Phase 2: Basic Optimization

• Introduce warm pools to reduce cold start delays

• Maintain higher idle capacity (~50%) compared to typical web apps

• Set long session drain times to avoid disconnections during updates

Phase 3: Advanced Scaling

• Implement auto-scaling based on CPU load and session counts

• Monitor “time to first word” as a key performance indicator

• Utilize regional distribution to lower latency for global users

  
  

Handling Cold Starts

Cold start latency can disrupt the user experience, especially in voice AI applications where responsiveness is key.

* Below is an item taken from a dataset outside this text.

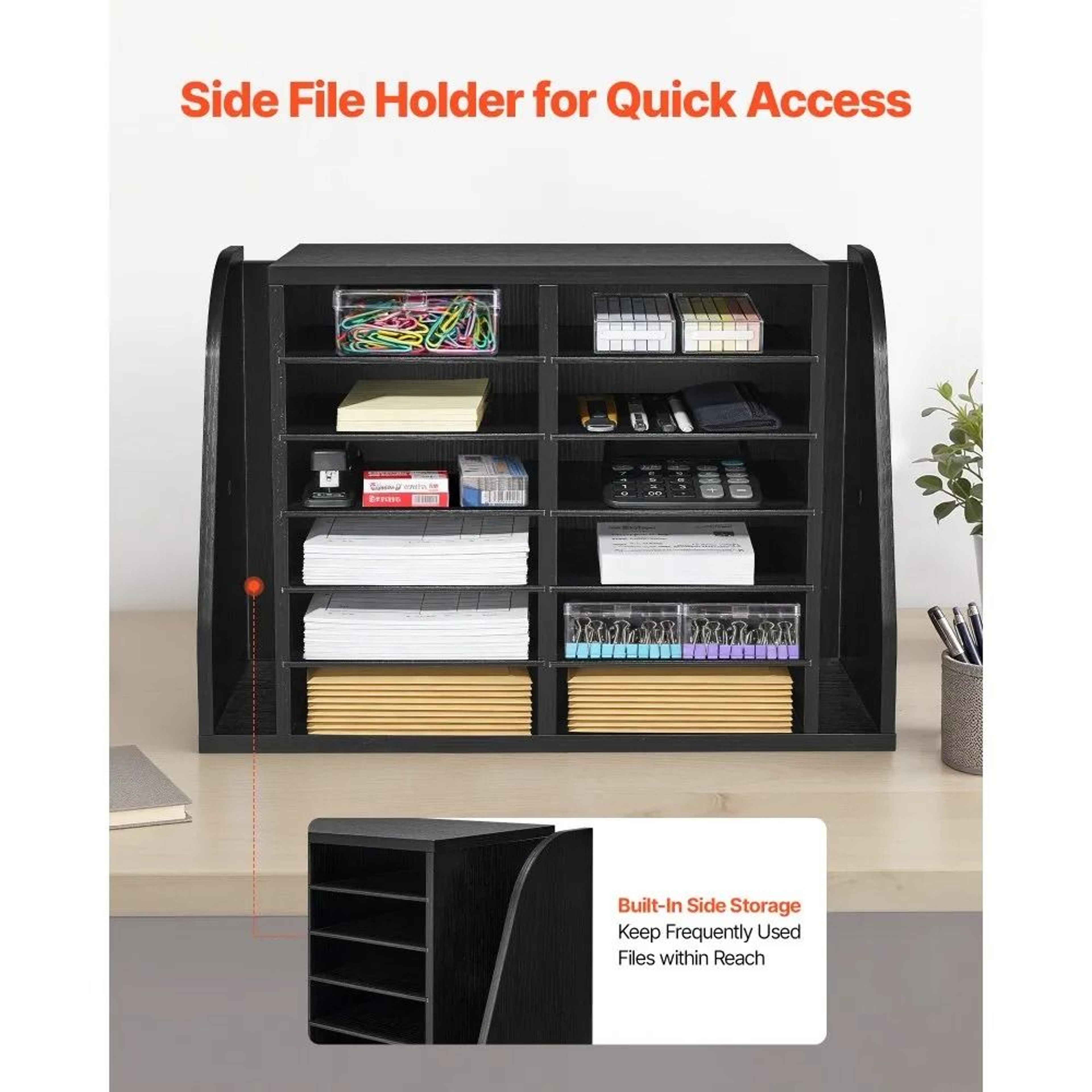 12 Compartment Literature Organizer With Side File Storage Wooden Desk Mail Sorter 2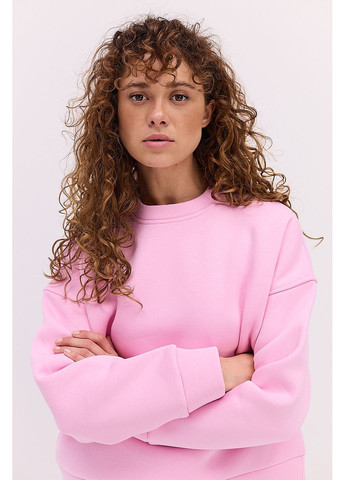 Розовый утепленный женский свитшот коричневый с принтом на спине Arjen (361056628)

• Maintain warm instances to handle new sessions without delay

• Use predictive scaling based on traffic patterns to minimize cold start occurrences

• Keep cold start times below 5-10 seconds whenever possible

Integrating Telephony for Voice AI

Telephony Options

PSTN (Public Switched Telephone Network):

• Suitable for real phone number connections

• Used when voice agents need to make or receive standard calls

SIP (Session Initiation Protocol):

• Facilitates IP telephony, ideal for call centers

• Enables advanced call control and integration

Connection Methods

• WebSockets: Simple audio streaming with minimal call control

• WebRTC: High-quality audio, real-time transmission, suitable for dynamic interactions

• SIP: Robust for enterprise call management and control

Advanced Features

• Call Transfers: Cold (simple redirection) or warm (handover with interaction)

• DTMF Handling: Processes keypress inputs, useful for navigation and authentication

Final Thoughts

Building voice AI applications requires a thoughtful approach to infrastructure, latency management, and telephony integration. By choosing the right architectural patterns and optimizing for real-time performance, developers can deliver responsive and reliable voice AI experiences that meet user expectations. As the technology advances, understanding these foundational concepts will be essential for success.